B. Il ressort du rapport de police du 13 mai 2008, établi suite à une réquisition du SPOP du 7 avril 2008, que A. X.________ a d'emblée reconnu que le passeport hollandais était un faux, acheté au Kosovo pour 1'200 € en février 2008. L'intéressé a expliqué l'avoir uniquement utilisé pour se légitimer auprès des autorités de police des étrangers et pour ouvrir un compte dans un établissement bancaire. Le 29 mai 2008, le corps de police des frontières a informé le SPOP de l'interception d'un colis en provenance d'Allemagne, contenant le passeport yougoslave de l'intéressé, ainsi qu'un autre document intitulé "Fiktionsbescheinigung" établi par l'administration allemande.
Par ordonnance de condamnation du 23 juin 2008, le juge d'instruction de l'arrondissement de Lausanne a condamné A. X.________ à 30 jours-amende avec sursis pendant deux ans, pour faux dans les certificats et délit à la loi fédérale du 16 décembre 2005 sur les étrangers (LEtr; RS 142.20).
Par courrier du 27 juin 2008, le SPOP a informé A. X.________ de son intention de refuser l'autorisation de séjour sollicitée, au motif qu'il n'était pas de nationalité hollandaise et qu'il avait fourni un faux passeport. L'intéressé s'est déterminé dans le délai imparti.
C. Par décision du 8 août 2008, notifiée le 29 septembre 2008, le SPOP a refusé de délivrer une autorisation de séjour à A. X.________, au motif qu'il avait tenté d'induire les autorités en erreur, en leur donnant de fausses indications.
D. Par acte du 9 octobre 2008, enregistré auprès du SPOP le 13 octobre 2008, A. X.________ a déféré cette décision auprès de la Cour de droit administratif et public du Tribunal cantonal, concluant à son annulation.
Dans ses déterminations du 8 décembre 2008, l'autorité intimée a conclu au rejet du recours et à la confirmation de sa décision.
E. Le tribunal a statué par voie de circulation.
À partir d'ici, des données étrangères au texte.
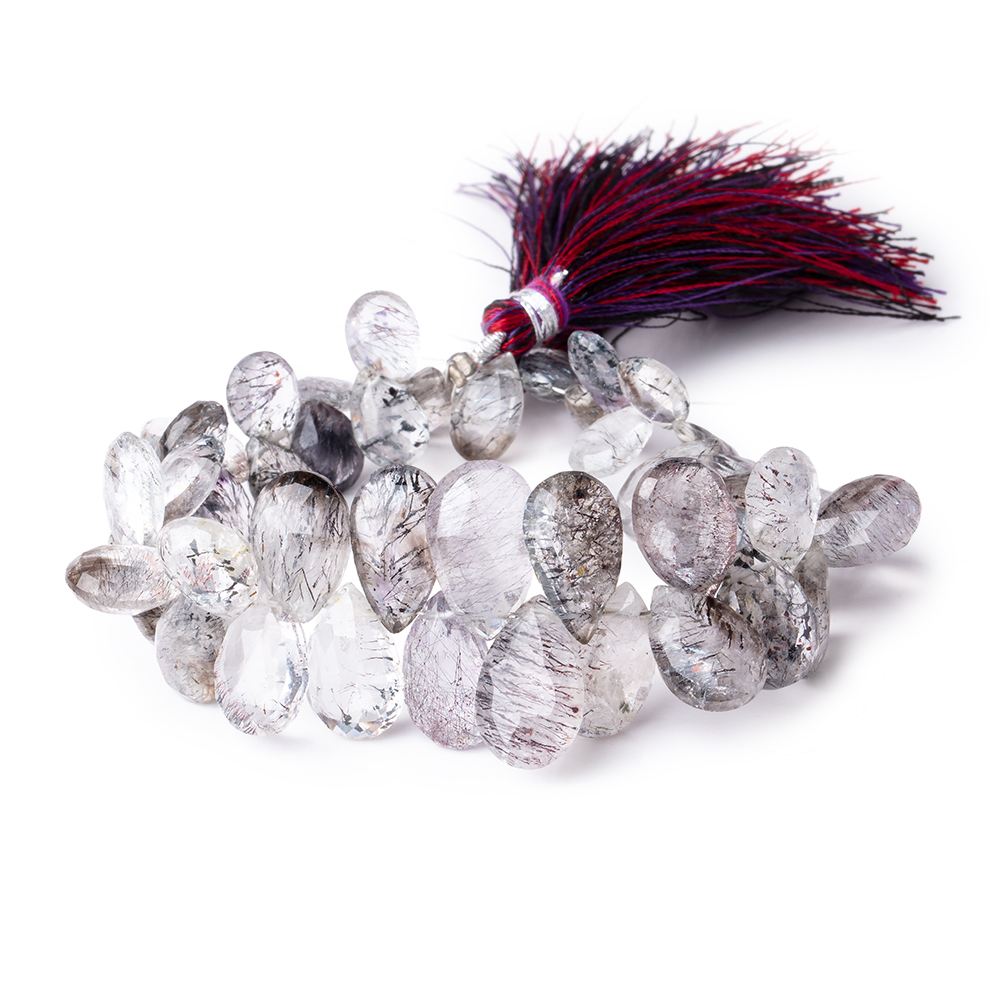 11-16mm Moss Amethyst & Tourmalinated Quartz Faceted Pears 7.5 inch 47 pcs - Beadsofcambay.com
Les arguments des parties sont repris ci-dessous dans la mesure utile.
Considérant en droit
1. La loi du 28 octobre 2008 sur la procédure administrative (LPA-VD; RSV 173.36), entrée en vigueur le 1er janvier 2009, a abrogé et remplacé la loi du 18 décembre 1989 sur la juridiction et la procédure administratives (LJPA). Conformément à l'art. 117 LPA-VD, les causes pendantes à l'entrée en vigueur de cette loi sont traitées selon cette dernière. Aux termes de l'art. 98 LPA-VD, le recourant peut invoquer la violation du droit, y compris l'excès ou l'abus du pouvoir d'appréciation, ainsi que la constatation inexacte ou incomplète des faits pertinents.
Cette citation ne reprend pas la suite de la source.